Kerr points out an interesting theme underlying that question.... Congress just passes laws and, unlike most states, never bothers to have a statutory list of affirmative defenses, what is required for each, and who bears the burden. Most federal defenses thus are created by the courts, without statute, and the question is how should courts figure out what is a defense? The Court seems to have gone in several directions in Dixon.
Majority: Congress is assumed to act against a background of common law defenses. Problem here is to figure out how those were treated, as a generality, in 1968. (Rather like some aspects of originalism, he notes -- try to find an answer in intent, when those acting may never have spoken to, or perhaps not contemplated, the specific question).

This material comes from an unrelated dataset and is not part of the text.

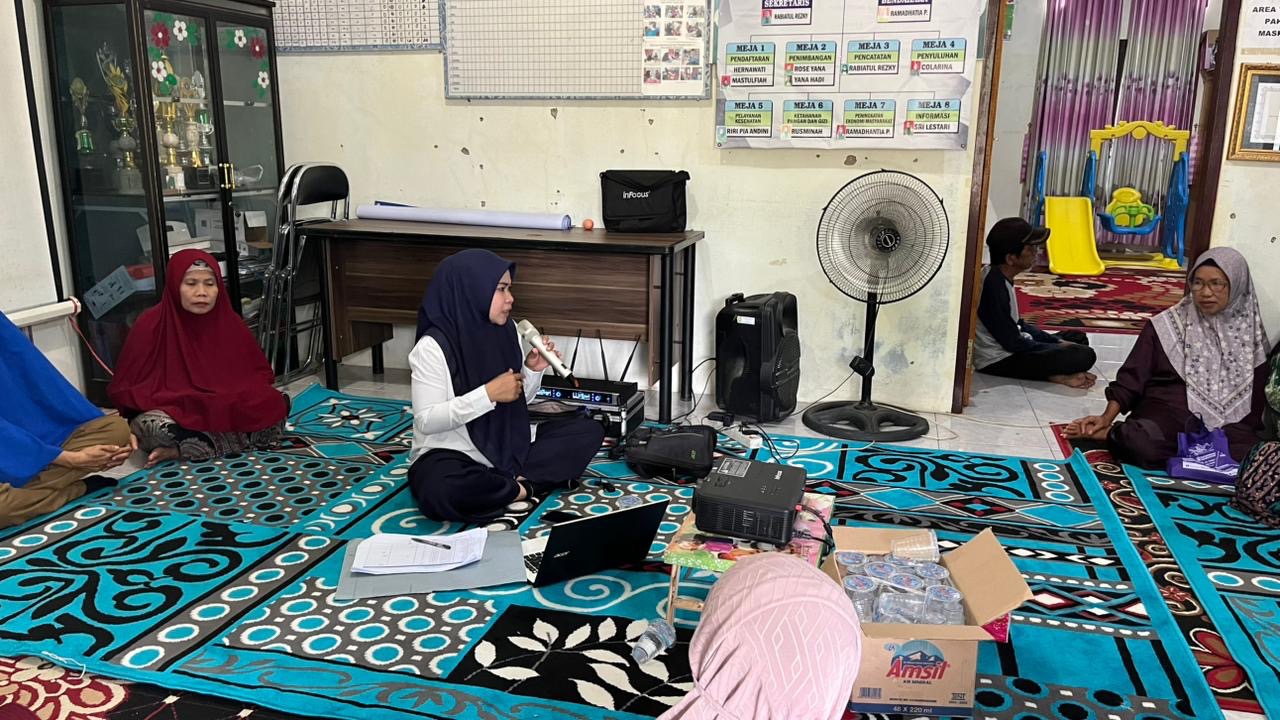 KPM PKH dan BPNT Desa Kapar Gelar Pertemuan Kelompok Bersama Pendamping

Justice Kennedy: Congress is assumed to mean for the courts to recognize defenses, which may evolve over time. Hence question is not limited to the law as it stood in 1968.
Justice Alito: agrees. It is a strange fiction to assume that everytime Congress enacts a law, it reviews the body of caselaw on affirmative defenses as it then existed. Besides, this would mean that the burden of the same defense might shift around depending on whether the statute involved was enacted in 1940, in 1970, or in 2006.
Justice Breyer: rather like Kennedy, but tends to regard recognizing defenses as a matter of court policy, rather than an inquiry into how the law stands (i.e., what other courts have done).